Source data -
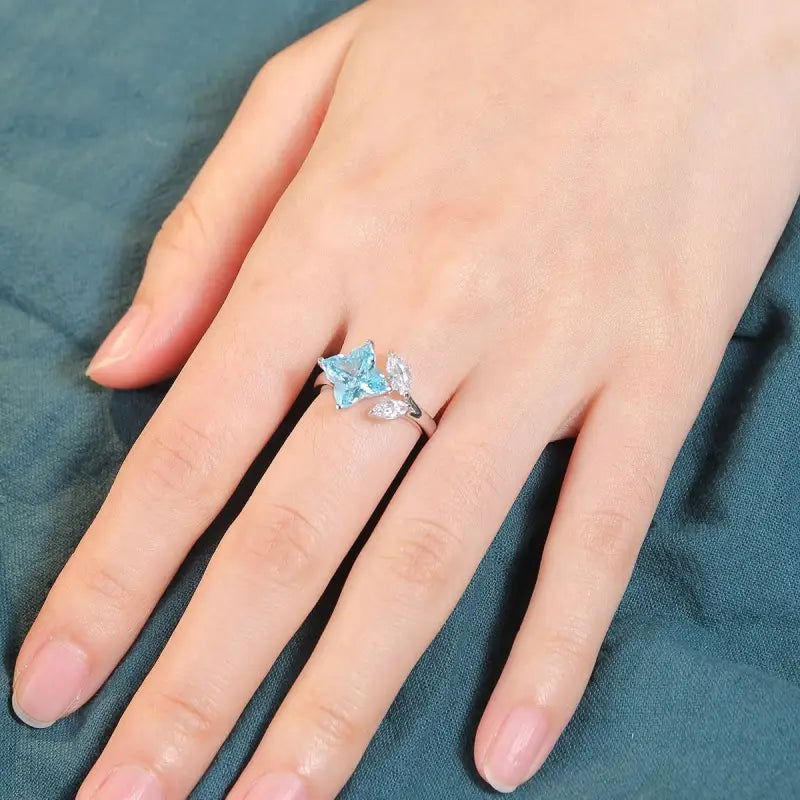Snowflake Toi Et Moi Moissanite Engagement Ring - LGG Jewelry
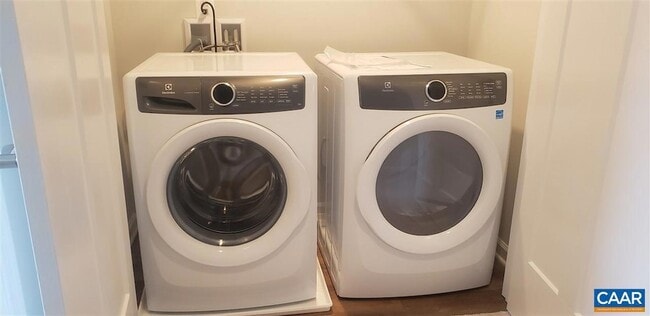 Building Photo - 3548 Grand Forks Blvd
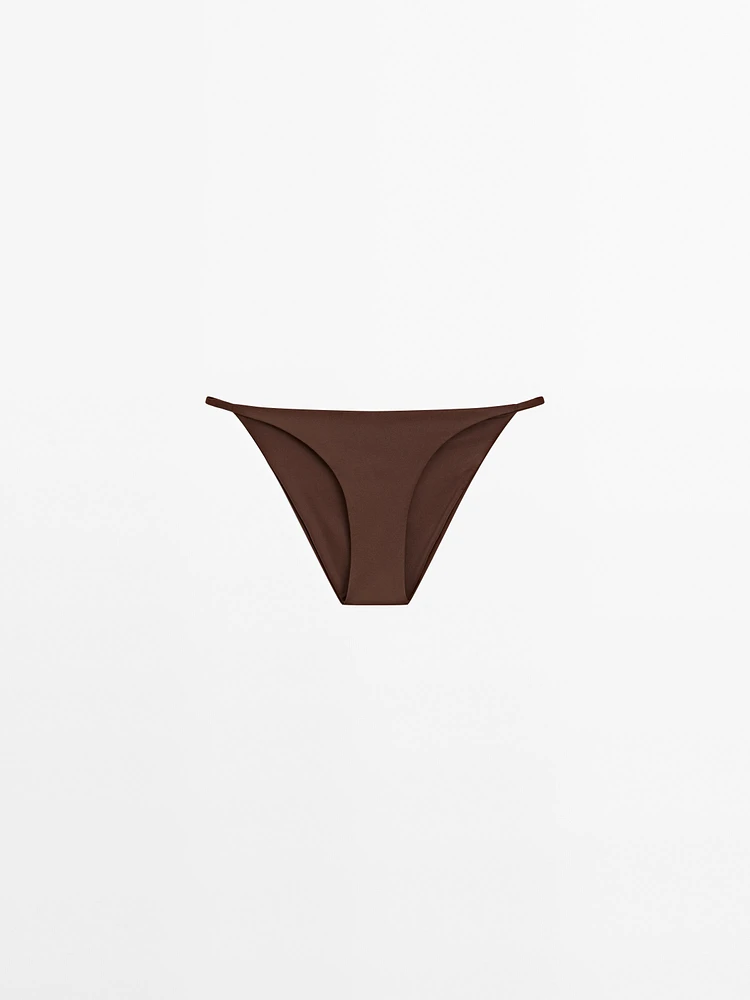 Bas de bikini fine lanière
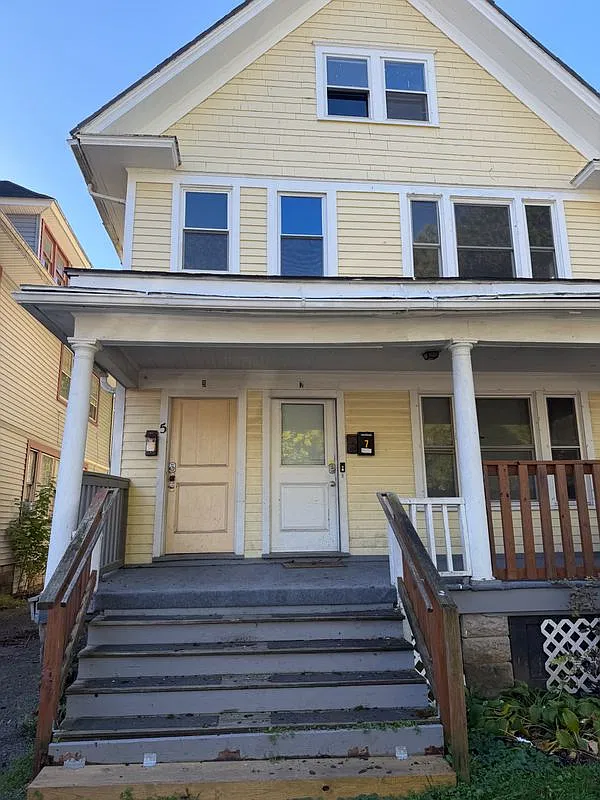 5 bed, 2.0 bath, 1070 sqft, $1,500 — Photo 1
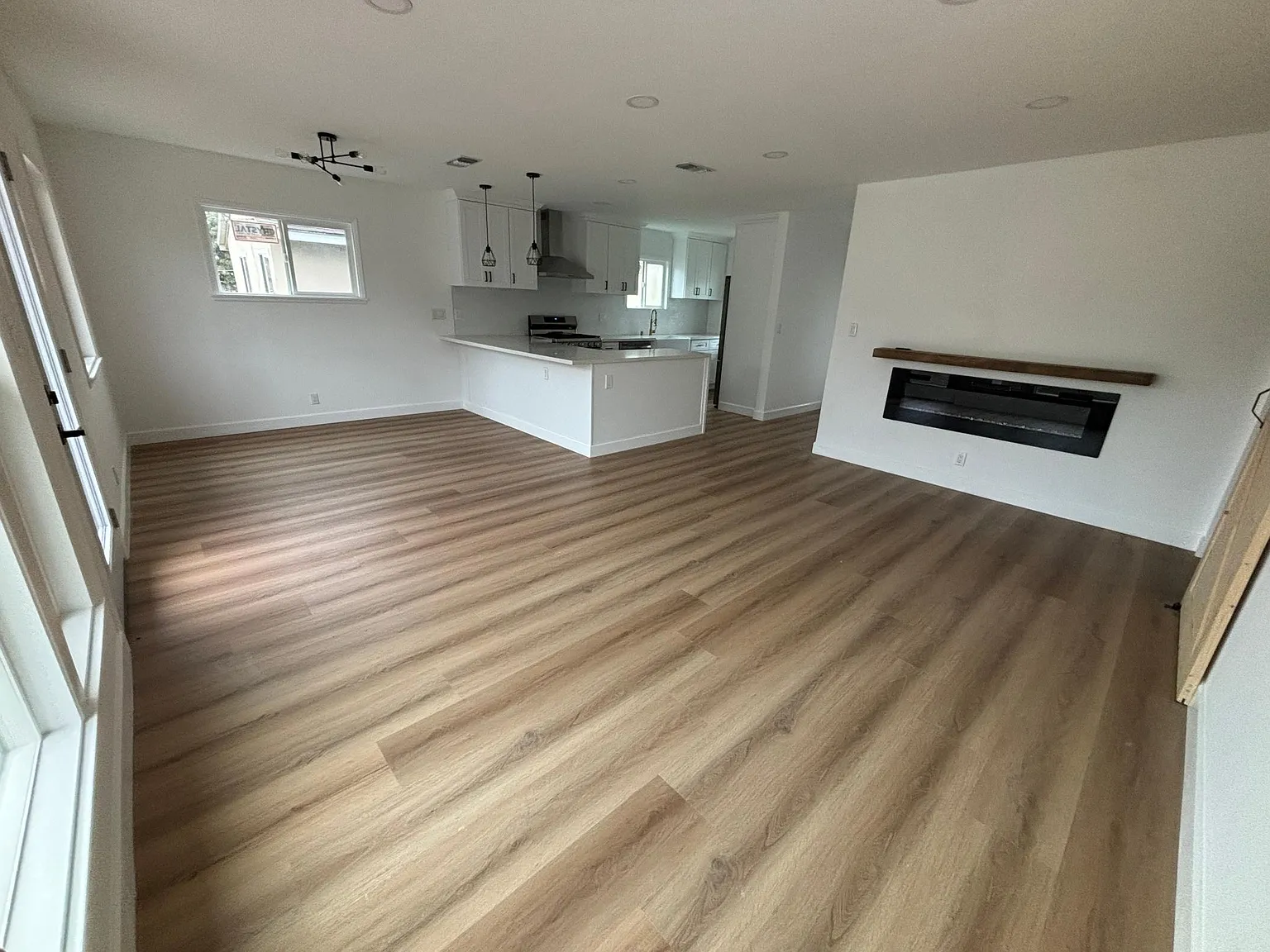 3 bed, 1106 sqft, $4,695 — Photo 2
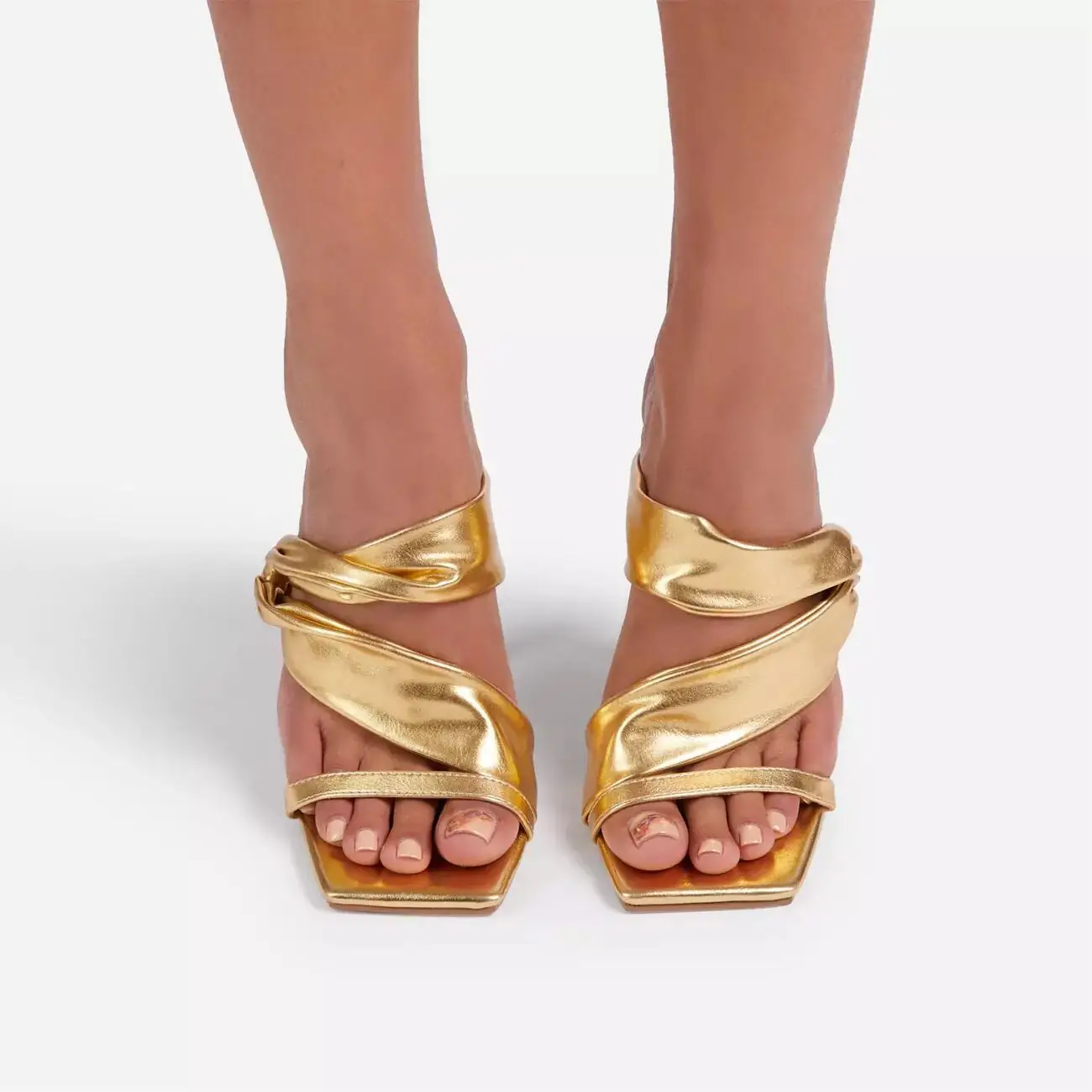 Summer fashion high heeled sandals for woman slip on thin heeled shoes 9 cm PU new woman casual shoes, Black,gold,brown
Summer fashion high heeled sandals for woman slip on thin heeled shoes 9 cm PU new woman casual shoes, Black,gold,brown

Exercise description - Each record is to be copied word for word, with no images carried over.

Answer box -
Snowflake Toi Et Moi Moissanite Engagement Ring - LGG Jewelry
 Building Photo - 3548 Grand Forks Blvd
 Bas de bikini fine lanière
 5 bed, 2.0 bath, 1070 sqft, $1,500 — Photo 1
 3 bed, 1106 sqft, $4,695 — Photo 2
 Summer fashion high heeled sandals for woman slip on thin heeled shoes 9 cm PU new woman casual shoes, Black,gold,brown
Summer fashion high heeled sandals for woman slip on thin heeled shoes 9 cm PU new woman casual shoes, Black,gold,brown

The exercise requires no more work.